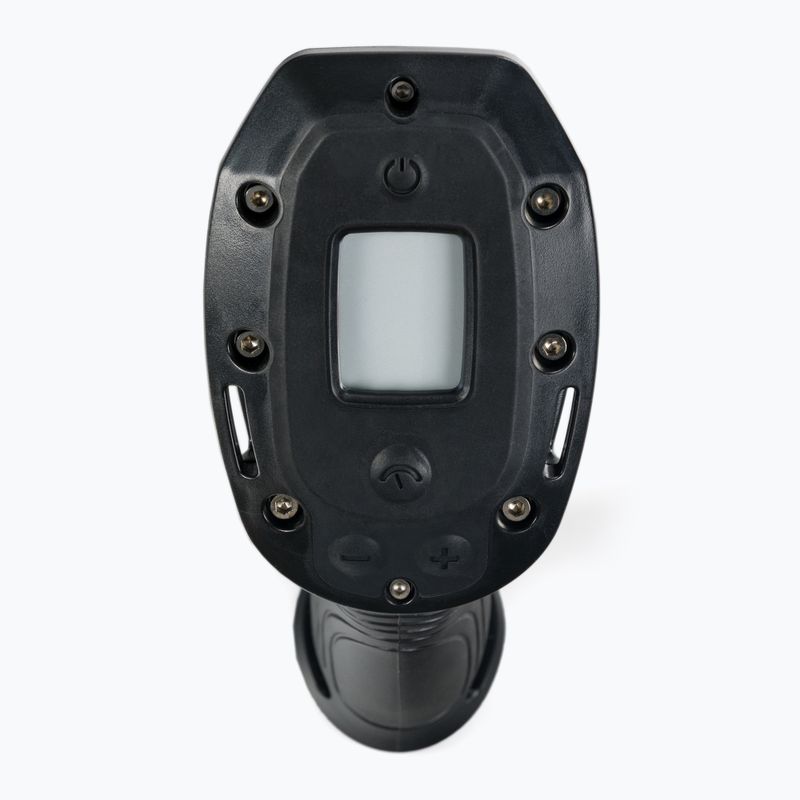 Maszt z napędem elektrycznym Lift Foils Std 28" Propulsion with AC Cord - Euro 9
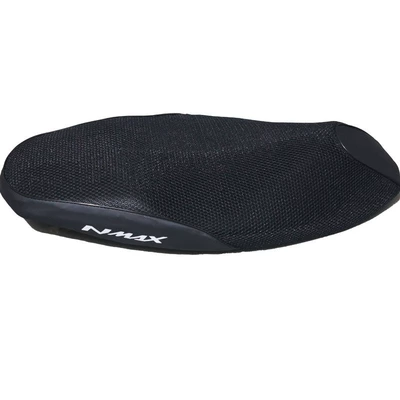 Seat Cushion Cover Aerox Nvx – Motorcycle cushion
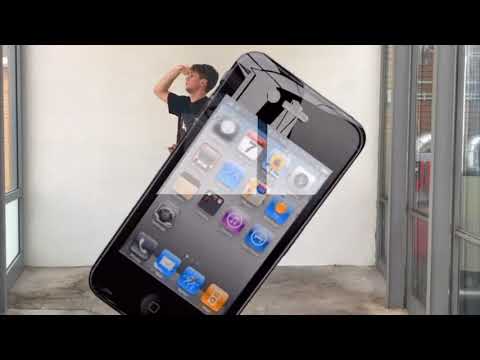 GARAGE GANG - MONDAY (Prod. GARAGE GANG)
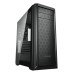 Carcasa COUGAR MX330-G PRO Mid Tower, tempered glass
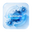 Blatacy logo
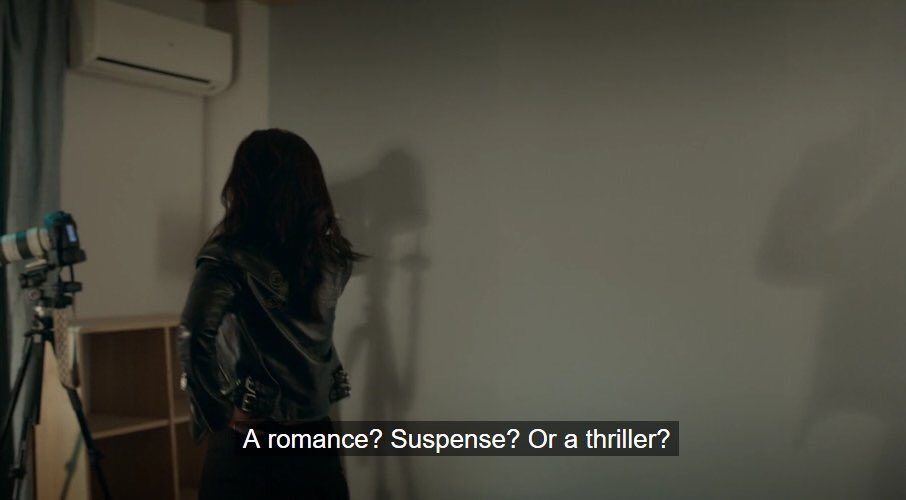 DMpCN1mUMAECVbb.jpg:large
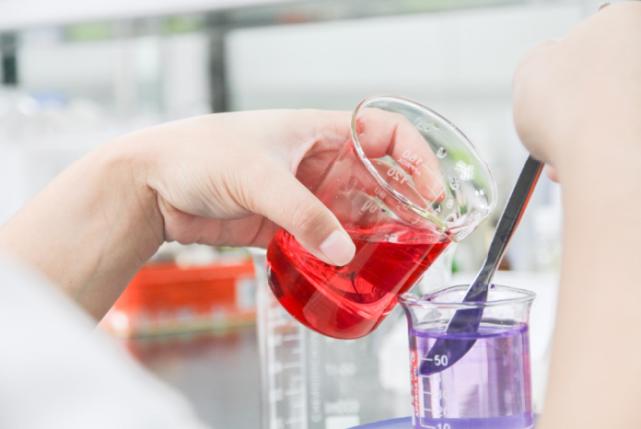 广州涵美化妆品oem,涵美化妆品有限公司怎么样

+===+

Apart from the images, retype the full material exactly as written.

■ RESPONSE:
 Maszt z napędem elektrycznym Lift Foils Std 28" Propulsion with AC Cord - Euro 9
 Seat Cushion Cover Aerox Nvx – Motorcycle cushion
 GARAGE GANG - MONDAY (Prod. GARAGE GANG)
 Carcasa COUGAR MX330-G PRO Mid Tower, tempered glass
 Blatacy logo
 DMpCN1mUMAECVbb.jpg:large
 广州涵美化妆品oem,涵美化妆品有限公司怎么样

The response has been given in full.